Thank-you for the 'invites' already given and readily accepted.
Come across and share the steak and kidney pie which is on the menu for tomorrow!!


----------



## GB

csalt said:


> Colurs? I cannot make them work!


That is number one on the list.


----------



## csalt

GB said:


> That is number one on the list.


 

Great. Thanks GB


Oh goody, they're back. Here's a rainbow for you.

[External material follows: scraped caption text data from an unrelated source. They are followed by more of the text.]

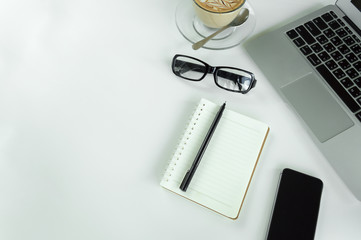 Office table with notepad, laptop and coffee cup.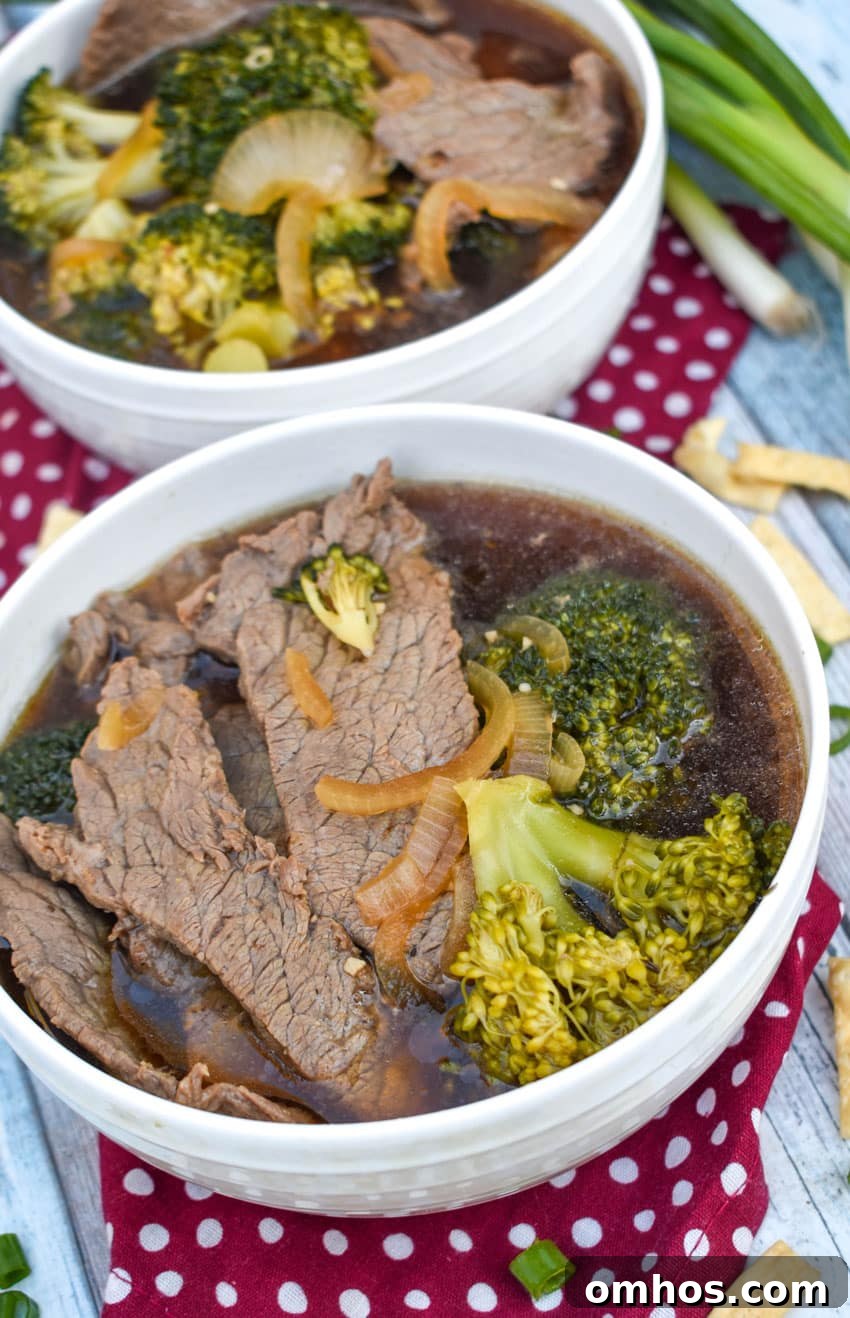 chinese beef and broccoli soup in two white bowls with green onions on the side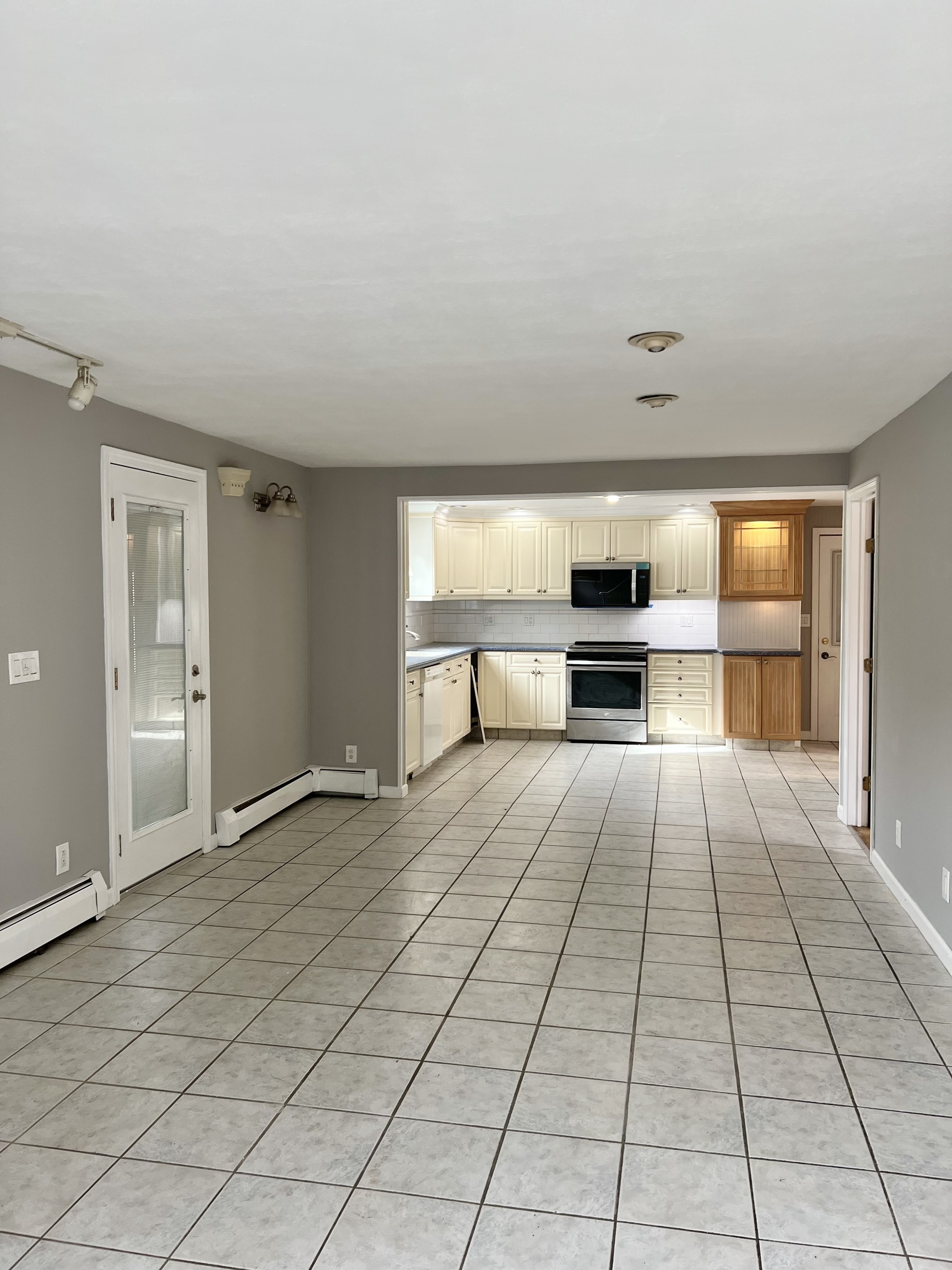 a view of a living room with a large window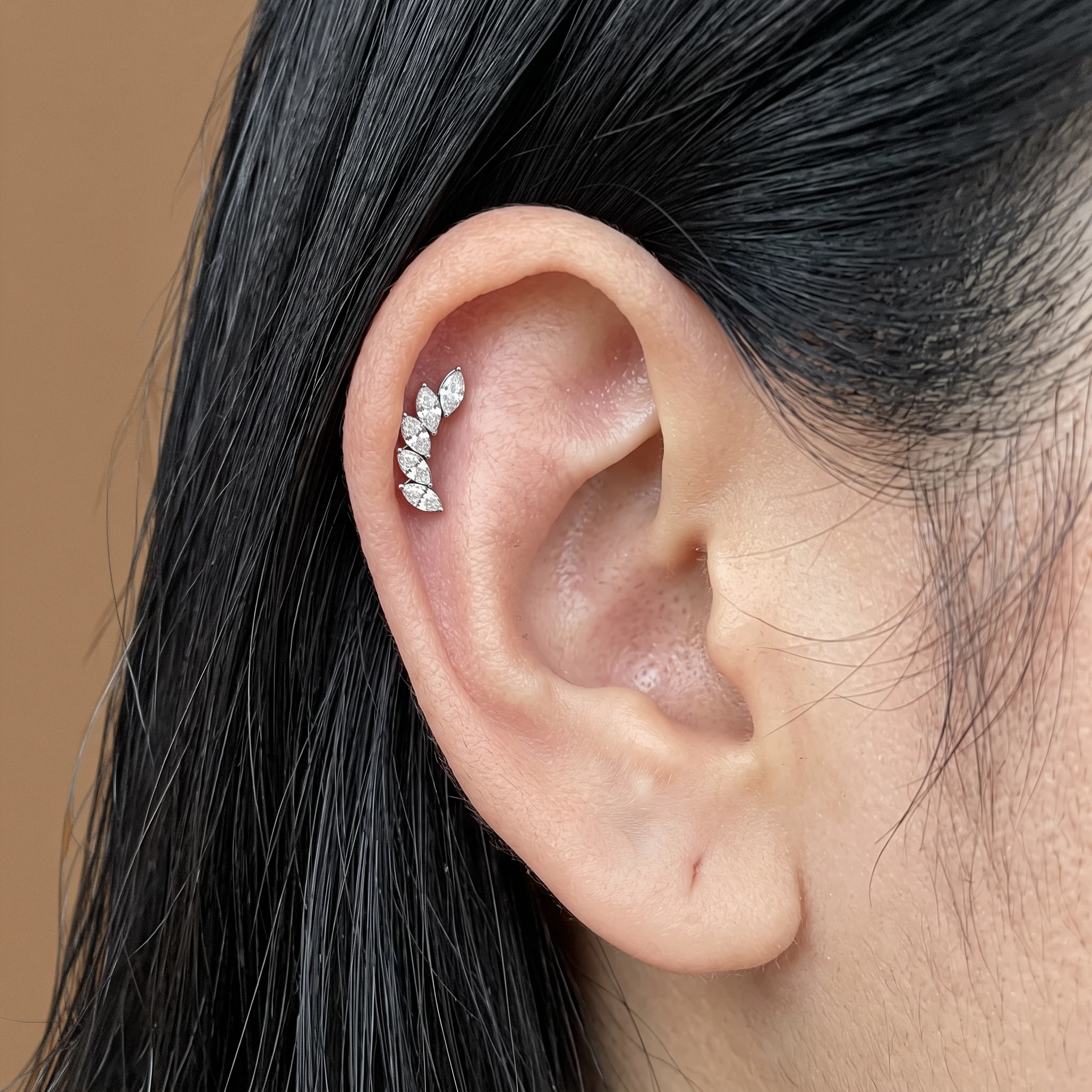Piercing La Courbe Royale en titane argenté porté à l'oreille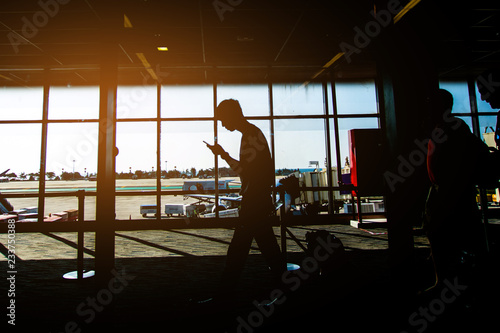 Silhouette of people walk at airport for traveling. subject is blurred and low key.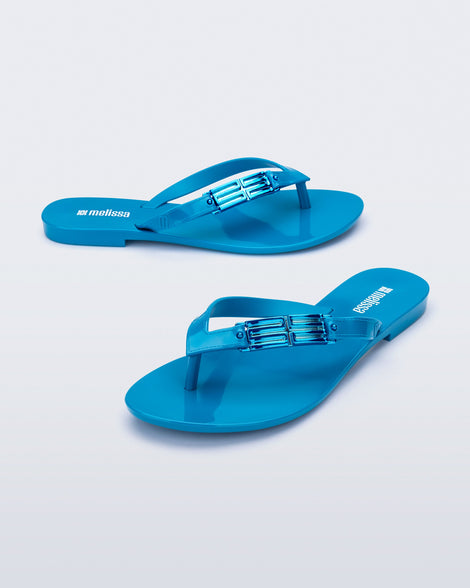 Side and angled view of a pair of blue Harmonic M Chic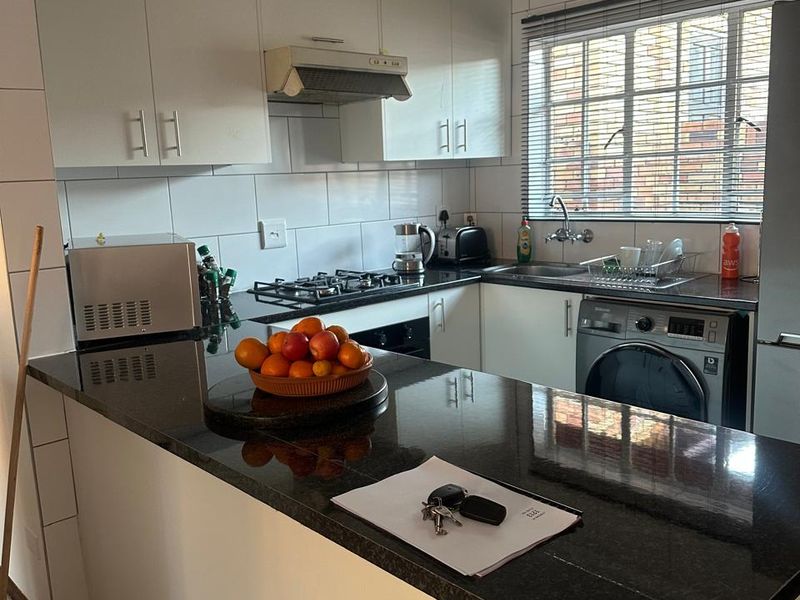 A functional kitchen featuring white cabinetry, dark granite countertops, a gas hob, and integrated laundry plumbing.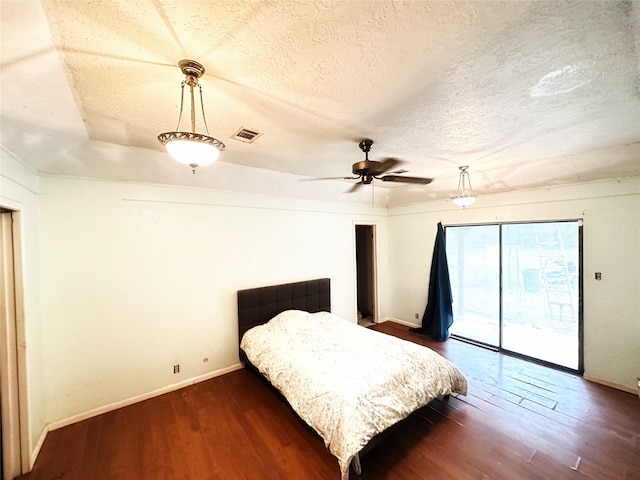 bedroom featuring ceiling fan, a textured ceiling, dark hardwood / wood-style floors, and access to outside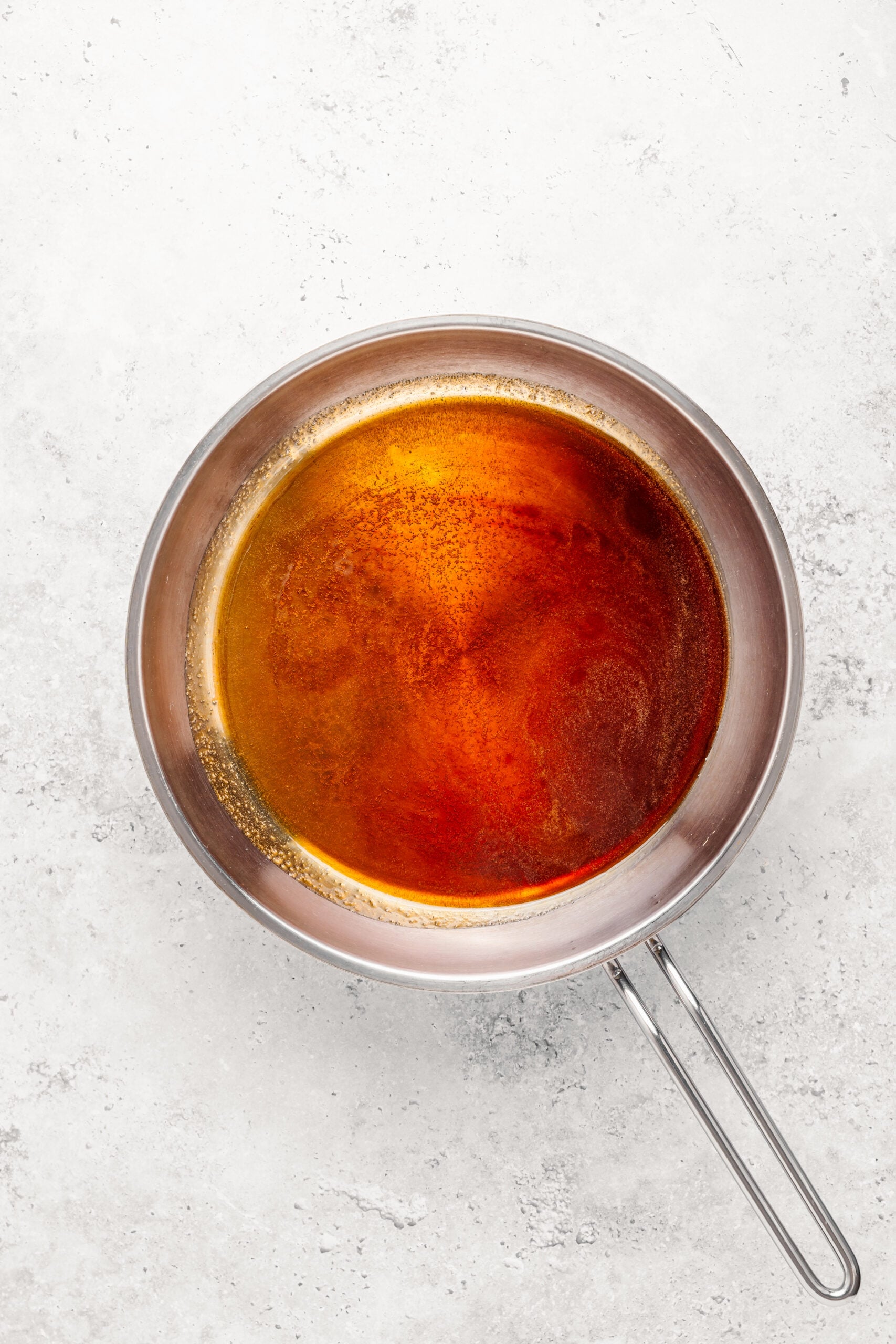 Smooth amber caramel in a dry frying pan for the turon caramel shell - Catherine Zhang Smooth amber caramel in a dry frying pan for the turon caramel shell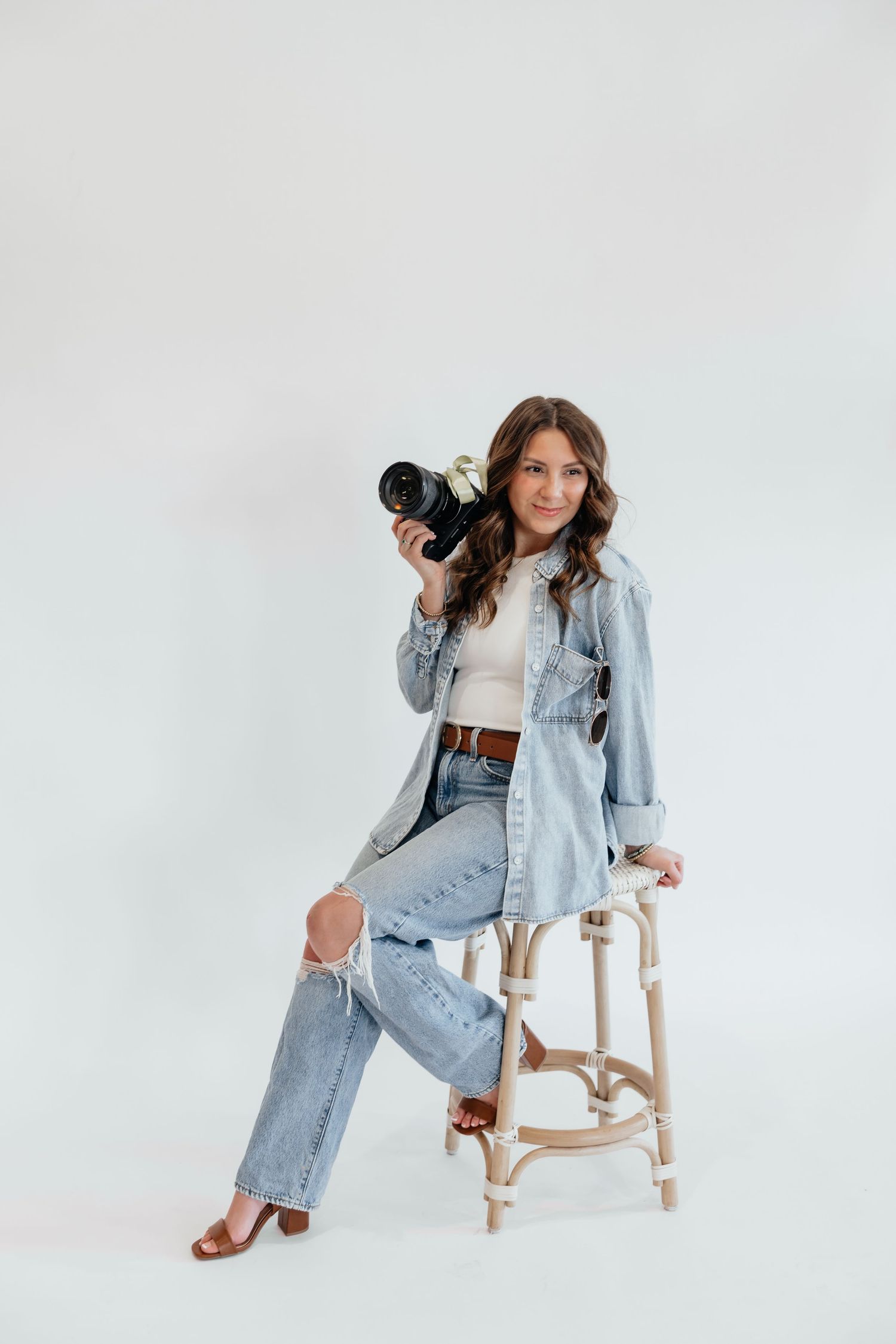 Brena B Imagery Howell, Michigan senior and wedding photographer wearing denim in photography branding session posing on a stool.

No colours on the PM's though?


----------



## *amy*

Lotsa of new things to digest.  Wondering about Albums.  Have seen the feature on other sites, but not sure what they are all about.  Is it similar to the Member Photos & gallery?  What does one put in an Album? TIA


----------



## Maverick2272

I made two albums, one of my family and one of our garden. Some of these pictures I had put in the member gallery before, but I like having them on my page where they are easy to find and organized into an album.


----------



## redkitty

I love the photo albums too!  I just made one.


----------



## csalt

Still cannot use colours on the PM's.


----------



## Maverick2272

redkitty said:


> I love the photo albums too!  I just made one.



Was that a hint?


----------



## middie

I don't see anything for colors. Is it just me ?


----------



## suziquzie

ummmm I think the birthdays are missing from the portal page......


----------



## lulu

Its all so new and different....

its going to take me a while to get th hang of this.....


----------



## VickiQ

Hi- I feel kind of foolish - I didn't know that there were individual message boards for everyone and you can leave messages on them-until today - I'm so sorry to everyone who has befrinded me and I kind of snubbed them!!! I still don't know how to send a friend request! Love and energy, Vicki


----------



## lulu

VickiQ said:


> Hi- I feel kind of foolish - I didn't know that there were individual message boards for everyone and you can leave messages on them-until today - I'm so sorry to everyone who has befrinded me and I kind of snubbed them!!! I still don't know how to send a friend request! Love and energy, Vicki


 

Huh, different to pms?  

I daren't try the friends thing because I'll only mess it up, but I'm sure the people who are my friends no it anyway,


----------



## Michael in FtW

Ok, Buddy (Maverick2272) your check cleared ... sure I'll be your friend!


----------



## buckytom

ok, so how do you know if you've asked someone to be your friend and they've turned you down. 
i think that i've sent the request for friendship to  a person or two, but i never saw a confirmation in any way, and they're not in my list.
did they rebuke me?
or am i a bonehead and never sent it?

i don't want to ask again. it would look needy. i don't do needy very well. ridiculously self assured, yes. but not needy.


----------



## kitchenelf

Hiya BT,

If you go to that person's profile and the "Befriend whomever" isn't there you have already asked the person.  If they have actually turned you down (surely not) I don't know if the option re-appears or not.  I guess you can always send them:

Please check one:

__ You like me

__ You don't like me

Glad I could help


----------



## quicksilver

If you don't check your friend list, like I usually forget to check. You won't know til you do check.​


----------